I milioni di viaggiatori che usano il treno, ora hanno uno strumento in più per la loro sicurezza. L’applicazione Youpol della Polizia di Stato, infatti, estende le sue funzionalità per chi viaggia in treno e per coloro che si trovano nelle stazioni. Il nuovo aggiornamento permette agli utenti di inviare, segnalazioni geolocalizzate di situazioni di rischio, criticità o comportamenti sospetti che si verificano a bordo dei treni e nelle stazioni.
Un gesto di pochi secondi, che può fare la differenza: foto, video o brevi messaggi raggiungono, attraverso un sistema di geolocalizzazione, le sale operative della Polizia Ferroviaria e le Questure, consentendo una valutazione immediata della segnalazione e un intervento specifico e tempestivo.

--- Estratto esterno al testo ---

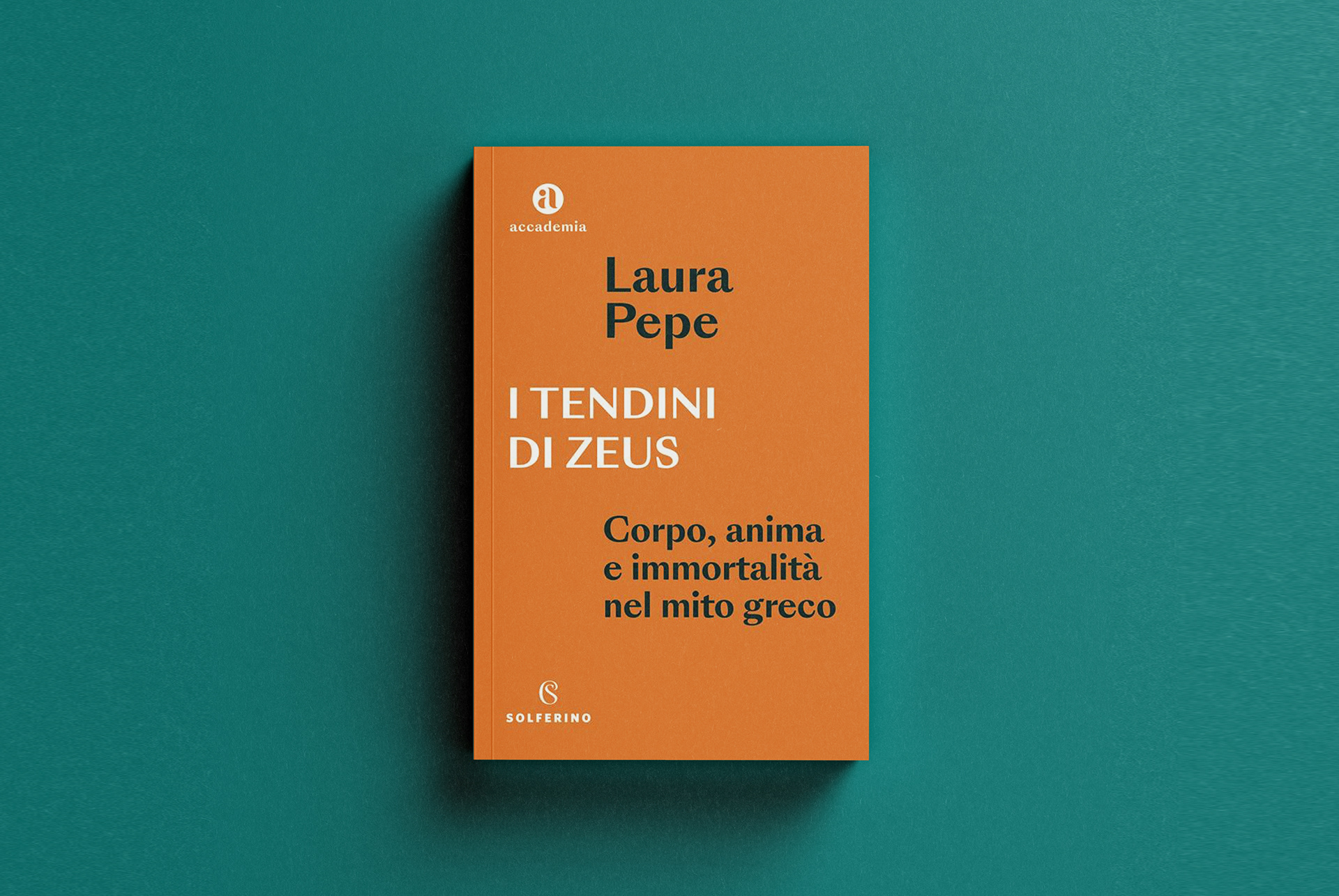 Progetto grafico Solferino Accademia - grafica editoriale - design editoriale udine milano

In questo modo viene ulteriormente potenziata la sicurezza nella mobilità attraverso una semplice e intuitiva app che si evolve per facilitare ancor più il contatto fra cittadini e Polizia di Stato.
Youpol non sostituisce il numero unico di emergenza 112, ma rappresenta una modalità smart di contatto. Da dicembre 2024 ad oggi sull’app Youpol sono arrivate 46877 richiese di aiuto generiche, 24962 segnalazioni per droga, 3357 segnalazioni per violenza domestica e 3648 segnalazioni per bullismo. Geograficamente, la maggior parte delle segnalazioni tramite app è arrivata dalle città del nord e del sud.

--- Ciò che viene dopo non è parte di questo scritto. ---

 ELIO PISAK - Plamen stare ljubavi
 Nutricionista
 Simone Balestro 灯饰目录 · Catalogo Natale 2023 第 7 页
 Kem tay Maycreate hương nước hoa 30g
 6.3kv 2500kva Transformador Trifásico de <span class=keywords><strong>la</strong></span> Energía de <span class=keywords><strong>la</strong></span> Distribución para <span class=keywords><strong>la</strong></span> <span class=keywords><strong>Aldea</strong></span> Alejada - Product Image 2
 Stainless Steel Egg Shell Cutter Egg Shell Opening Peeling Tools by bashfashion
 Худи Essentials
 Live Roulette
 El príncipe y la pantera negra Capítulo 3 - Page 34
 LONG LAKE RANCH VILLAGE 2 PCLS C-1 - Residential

I maggiori utilizzatori sono le persone di età compresa tra i 51 e 60 anni – circa 100.000 -, seguiti da persone di età comprese tra i 18 e 30 – circa 20.000 – e dai minorenni – circa 5.000.
La media mensile delle segnalazioni anonime è di 5650, segnalazioni che consentono comunque alla polizia di Stato di svolgere attività di prevenzione, controllo e repressione.
Con Youpol, la Polizia di Stato – da sempre impegnata a rafforzare la prevenzione e il contrasto di episodi criminosi in ambito ferroviario – potenzia le capacità di ascolto e monitoraggio aprendo un canale diretto con gli utenti, anche non udenti e stranieri. Con un linguaggio semplice e un’interfaccia intuitiva, Youpol conferma la propria vocazione: rendere tutti parte attiva della sicurezza quotidiana e consentire alla Polizia di Stato di #essercisempre.